Stored dataset items
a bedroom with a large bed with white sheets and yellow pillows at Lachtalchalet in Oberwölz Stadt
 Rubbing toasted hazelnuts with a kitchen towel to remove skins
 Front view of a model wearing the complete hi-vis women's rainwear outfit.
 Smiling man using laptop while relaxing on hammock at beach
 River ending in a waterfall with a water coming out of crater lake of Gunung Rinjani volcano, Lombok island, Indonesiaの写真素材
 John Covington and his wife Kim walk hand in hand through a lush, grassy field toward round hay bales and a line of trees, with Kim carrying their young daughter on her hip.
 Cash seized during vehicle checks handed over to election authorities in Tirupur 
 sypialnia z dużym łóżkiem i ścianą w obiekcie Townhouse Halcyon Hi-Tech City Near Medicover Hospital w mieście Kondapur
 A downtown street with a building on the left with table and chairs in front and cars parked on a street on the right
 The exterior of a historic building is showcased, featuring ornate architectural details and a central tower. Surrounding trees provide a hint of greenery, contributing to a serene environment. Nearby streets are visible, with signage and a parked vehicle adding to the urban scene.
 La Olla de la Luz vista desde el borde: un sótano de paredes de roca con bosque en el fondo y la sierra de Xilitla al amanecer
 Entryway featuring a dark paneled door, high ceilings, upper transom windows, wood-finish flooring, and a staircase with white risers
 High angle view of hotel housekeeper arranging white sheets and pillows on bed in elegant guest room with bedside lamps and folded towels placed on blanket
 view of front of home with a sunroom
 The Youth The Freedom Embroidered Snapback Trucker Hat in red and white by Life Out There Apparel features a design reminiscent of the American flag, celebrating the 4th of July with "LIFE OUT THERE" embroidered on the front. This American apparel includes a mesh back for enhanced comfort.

- [TO DO] In full and without error, restate the data.

- [RESPONSE BELOW]
a bedroom with a large bed with white sheets and yellow pillows at Lachtalchalet in Oberwölz Stadt
 Rubbing toasted hazelnuts with a kitchen towel to remove skins
 Front view of a model wearing the complete hi-vis women's rainwear outfit.
 Smiling man using laptop while relaxing on hammock at beach
 River ending in a waterfall with a water coming out of crater lake of Gunung Rinjani volcano, Lombok island, Indonesiaの写真素材
 John Covington and his wife Kim walk hand in hand through a lush, grassy field toward round hay bales and a line of trees, with Kim carrying their young daughter on her hip.
 Cash seized during vehicle checks handed over to election authorities in Tirupur 
 sypialnia z dużym łóżkiem i ścianą w obiekcie Townhouse Halcyon Hi-Tech City Near Medicover Hospital w mieście Kondapur
 A downtown street with a building on the left with table and chairs in front and cars parked on a street on the right
 The exterior of a historic building is showcased, featuring ornate architectural details and a central tower. Surrounding trees provide a hint of greenery, contributing to a serene environment. Nearby streets are visible, with signage and a parked vehicle adding to the urban scene.
 La Olla de la Luz vista desde el borde: un sótano de paredes de roca con bosque en el fondo y la sierra de Xilitla al amanecer
 Entryway featuring a dark paneled door, high ceilings, upper transom windows, wood-finish flooring, and a staircase with white risers
 High angle view of hotel housekeeper arranging white sheets and pillows on bed in elegant guest room with bedside lamps and folded towels placed on blanket
 view of front of home with a sunroom
 The Youth The Freedom Embroidered Snapback Trucker Hat in red and white by Life Out There Apparel features a design reminiscent of the American flag, celebrating the 4th of July with "LIFE OUT THERE" embroidered on the front. This American apparel includes a mesh back for enhanced comfort.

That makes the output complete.